De heer Tony van Dijck (PVV) vraagt of de AFM voldoende middelen en bevoegdheden heeft voor een onafhankelijke toets.

De heer Vendrik (GroenLinks) vraagt de minister om een brief binnen een week en is voorstander van een breed debat over het Britse model.

De heer Weekers (VVD) vraagt de minister om prof. Oosenbrug en het klachteninstituut te verzoeken om de Kamer te informeren over hun bevindingen.

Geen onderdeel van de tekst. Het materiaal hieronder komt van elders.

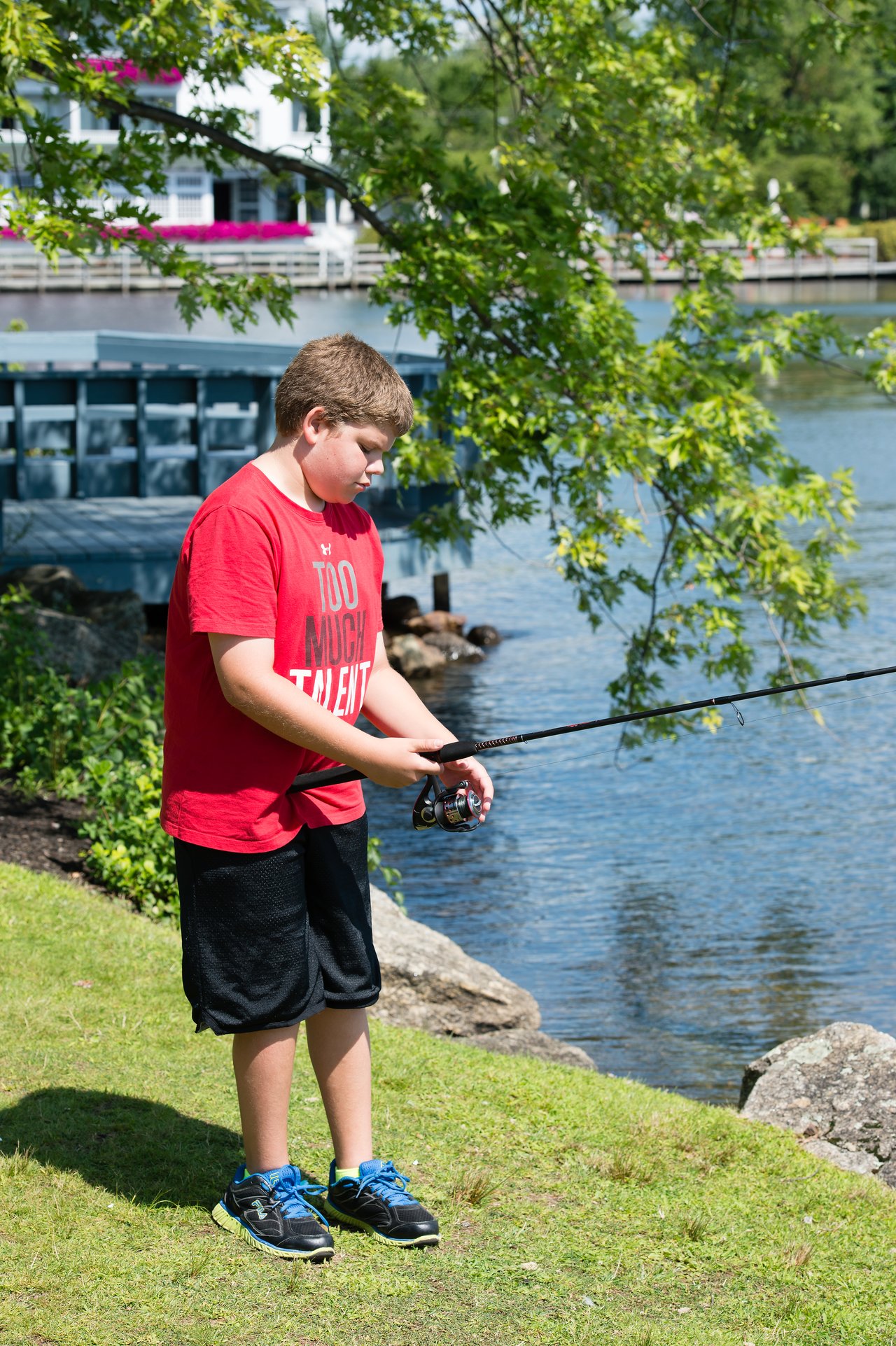 A boy in a red shirt stands by the water, holding a fishing rod and focusing on his line.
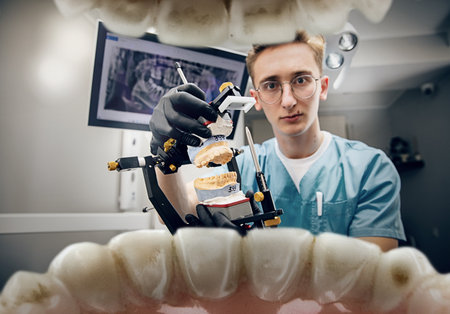 Scaring a patient. Doctor looking into mouth, checking, examining teeth. Using professional tools and equipments. Healthcare and medicine, stomatology, feelings of patient. Look from inside the teeth.の写真素材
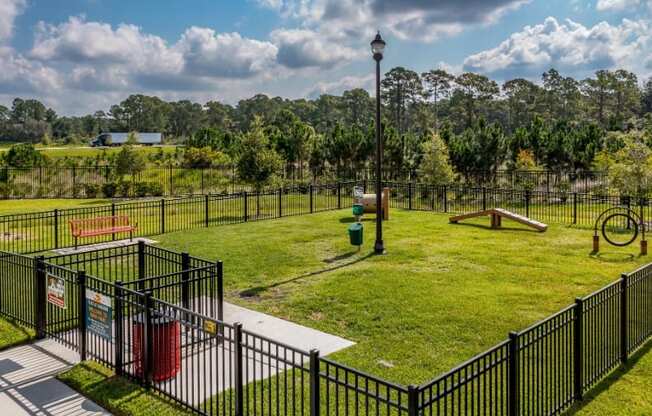 A dog park with obstacle course at the Flats at Sundown in North Port, Florida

De minister heeft niet beoogd te zeggen dat er niets zal veranderen aan de bijsluiter, die beknopter is dan de offerte. De AFM en het ministerie zullen de bijsluiter nogmaals bezien. Gekozen is voor het model dat tussenpersonen onder toezicht komen te staan. De bijlage bij een offerte is een onderdeel van het pakket. De AFM heeft veel bevoegdheden, waaronder het opleggen van boetes en het publiceren van misstanden. Aandacht voor het Britse model zal hij vragen aan zijn ambtsopvolger. Hij zal de consumentenorganisaties en de heer Oosenbrug vragen om de minister van Financiën op de hoogte te stellen, die op zijn beurt de Kamer kan informeren.

Toezeggingen

1. Het ministerie beziet de financiële bijsluiter en informeert de Kamer daarover.

2. De Kamer ontvangt binnen twee weken een brief over de werkwijze van prof. Oosenbrug, de ondersteuning door het ministerie en de opvatting van de consumentenorganisaties.

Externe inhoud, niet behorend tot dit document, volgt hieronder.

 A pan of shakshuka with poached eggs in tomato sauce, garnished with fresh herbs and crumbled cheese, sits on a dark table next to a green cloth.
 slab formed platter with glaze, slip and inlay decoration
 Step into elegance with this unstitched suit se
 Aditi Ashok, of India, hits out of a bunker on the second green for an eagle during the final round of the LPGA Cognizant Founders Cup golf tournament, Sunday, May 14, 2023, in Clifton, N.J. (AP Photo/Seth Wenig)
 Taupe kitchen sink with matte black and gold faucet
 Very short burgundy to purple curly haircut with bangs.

3. Er komt najaar 2007 een AMvB en voorjaar 2008 een wetswijziging voor de unit-linked fondsen.

De fungerend voorzitter van de vaste commissie voor Financiën,

Tichelaar

De griffier van de vaste commissie voor Financiën,

Vente


XNoot
1

Samenstelling:

Leden: Van der Vlies (SGP), Crone (PvdA), Vendrik (GroenLinks), Blok (VVD), Ten Hoopen (CDA), ondervoorzitter, Weekers (VVD), Tichelaar (PvdA), voorzitter, Gerkens (SP), Van Vroonhoven-Kok (CDA), De Nerée tot Babberich (CDA), Smeets (PvdA), Dezentjé Hamming (VVD), Omtzigt (CDA), Koşer Kaya (D66), Irrgang (SP), Luijben (SP), Blanksma-van den Heuvel (CDA), Cramer (ChristenUnie), Jules Kortenhorst (CDA), Van der Burg (VVD), Tony van Dijck (PVV), Heerts (PvdA), Vermeij (PvdA), Gesthuizen (SP) en Ouwehand (PvdD).

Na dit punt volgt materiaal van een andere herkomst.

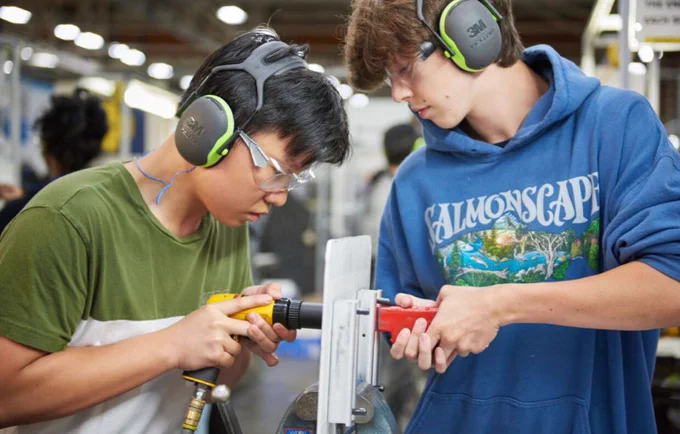 Two students working on a hands-on project using tools inside of a factory. 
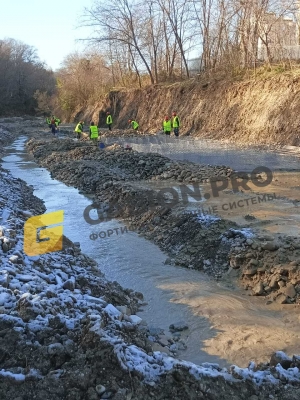 Рабочие укладывают камень в габионные конструкции на правом берегу реки Кудепста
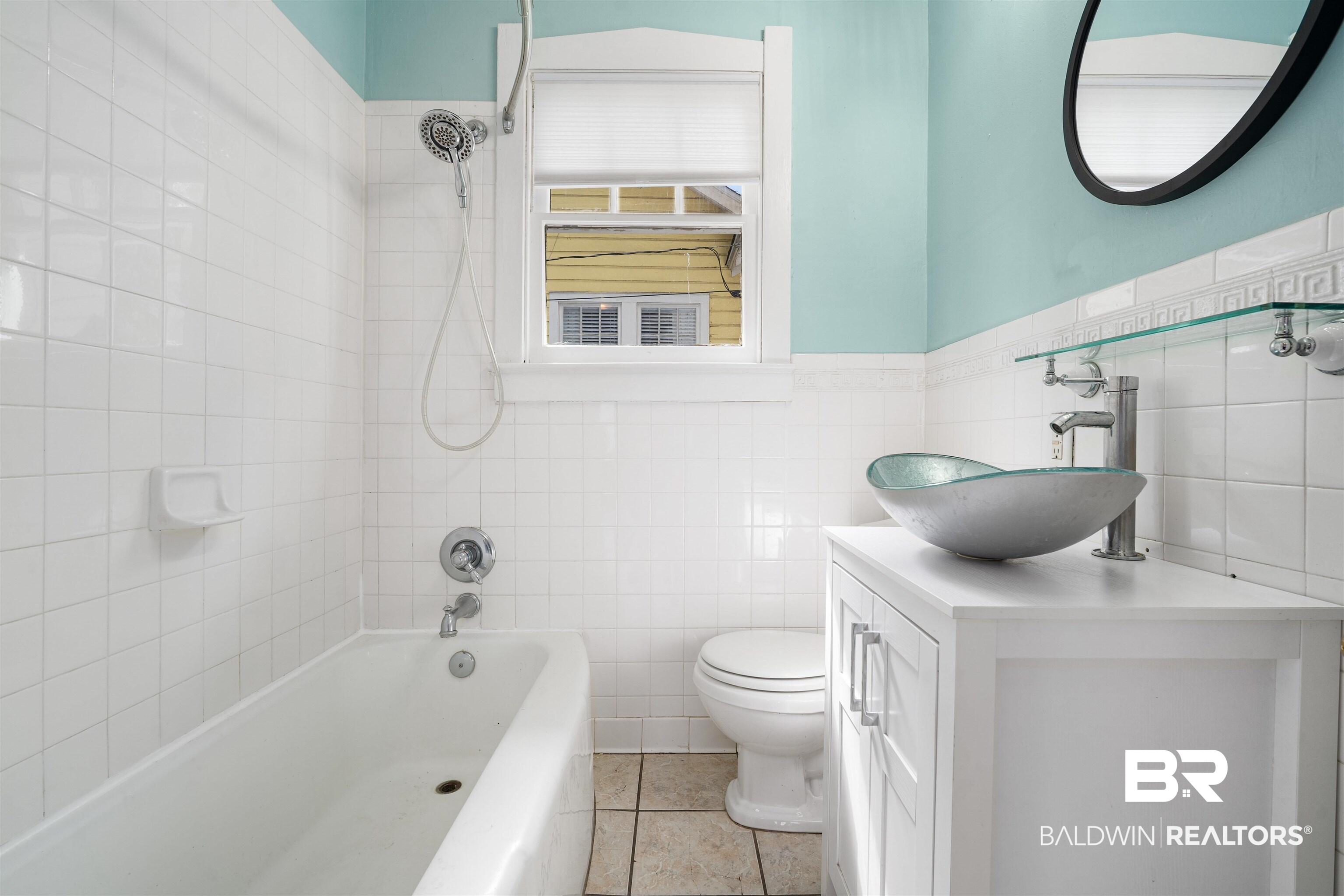 118 Mohawk Street Mobile, AL 36606 - Photo 14 of 26 Bathroom with tile walls, vanity, shower / tub combination, wainscoting, and light tile patterned floors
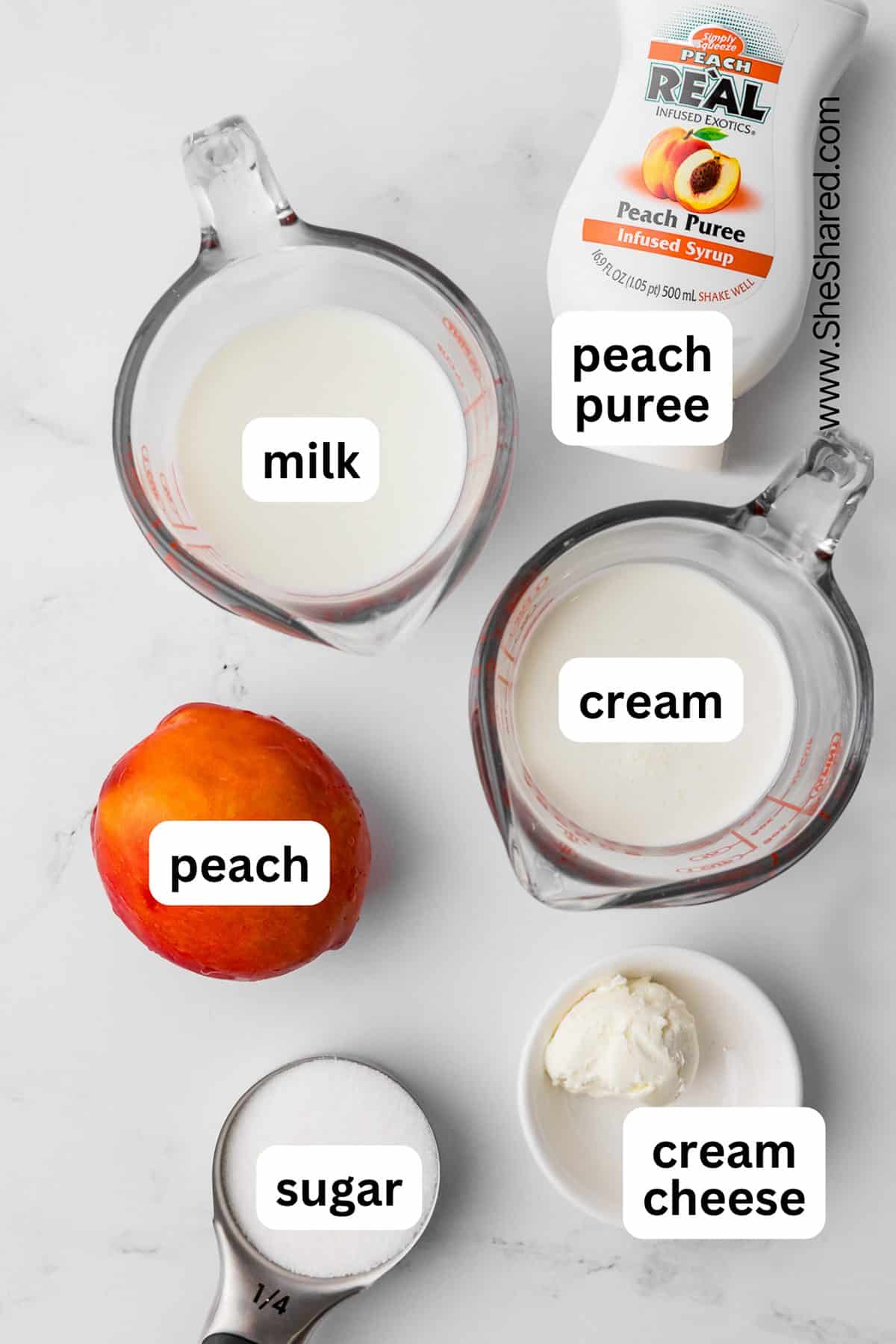 ingredients for ninja creami peach ice cream including milk, cream peach puree, peach, sugar, and cream cheese on a white countertop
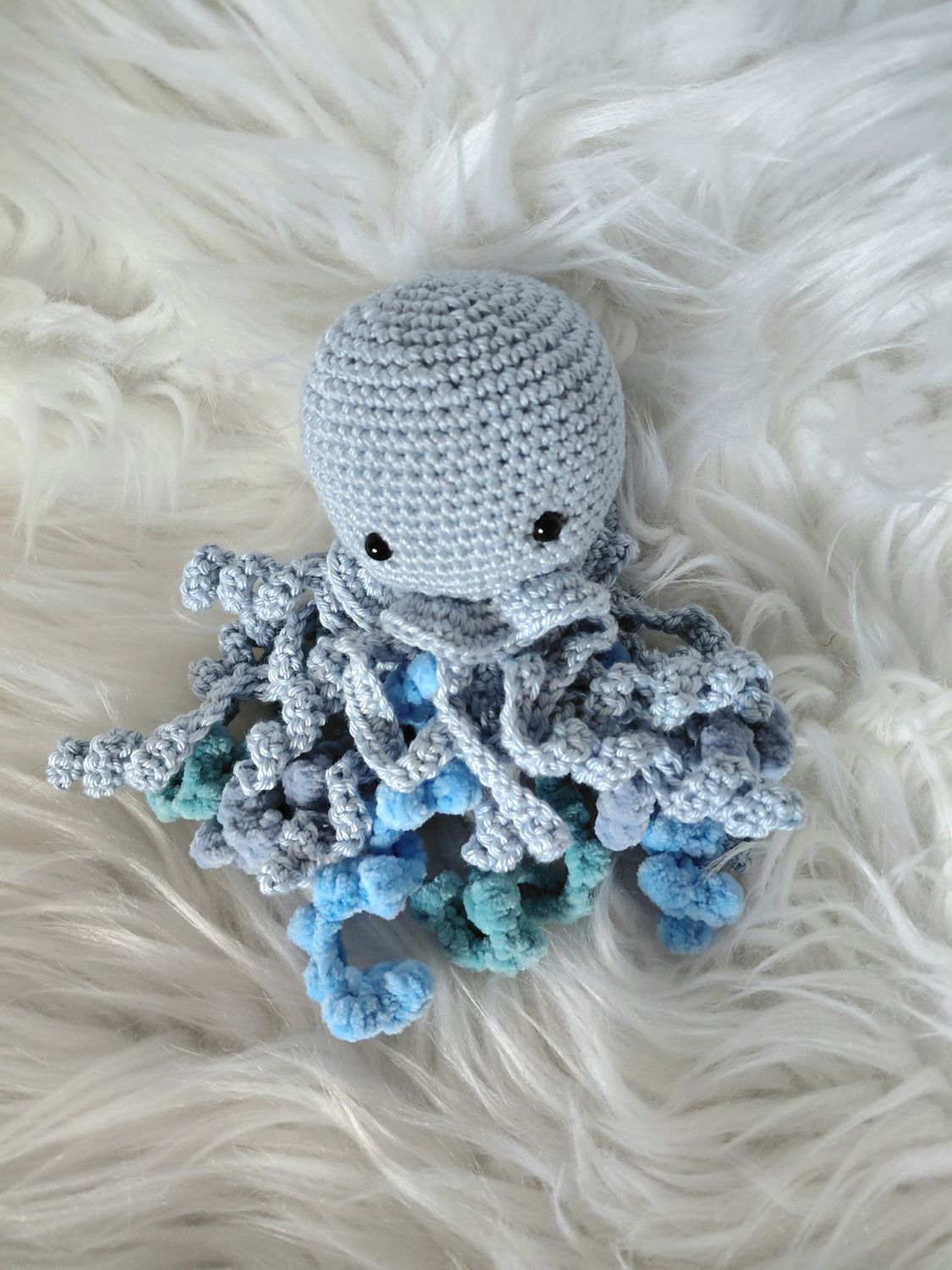 Poulpe grelot  bleu avec tentacules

Plv. leden: Van der Staaij (SGP), Van Dam (PvdA), Halsema (GroenLinks), Remkes (VVD), Koopmans (CDA), Aptroot (VVD), Van der Veen (PvdA), Van Gerven (SP), Jan de Vries (CDA), Roland Kortenhorst (CDA), Koenders (PvdA), De Krom (VVD), De Pater-van der Meer (CDA), Pechtold (D66), Kant (SP), Ulenbelt (SP), Haverkamp (CDA), Rouvoet (ChristenUnie), Mastwijk (CDA), Schippers (VVD), De Roon (PVV), Kalma (PvdA), Spekman (PvdA), Van Gijlswijk (SP) en Thieme (PvdD).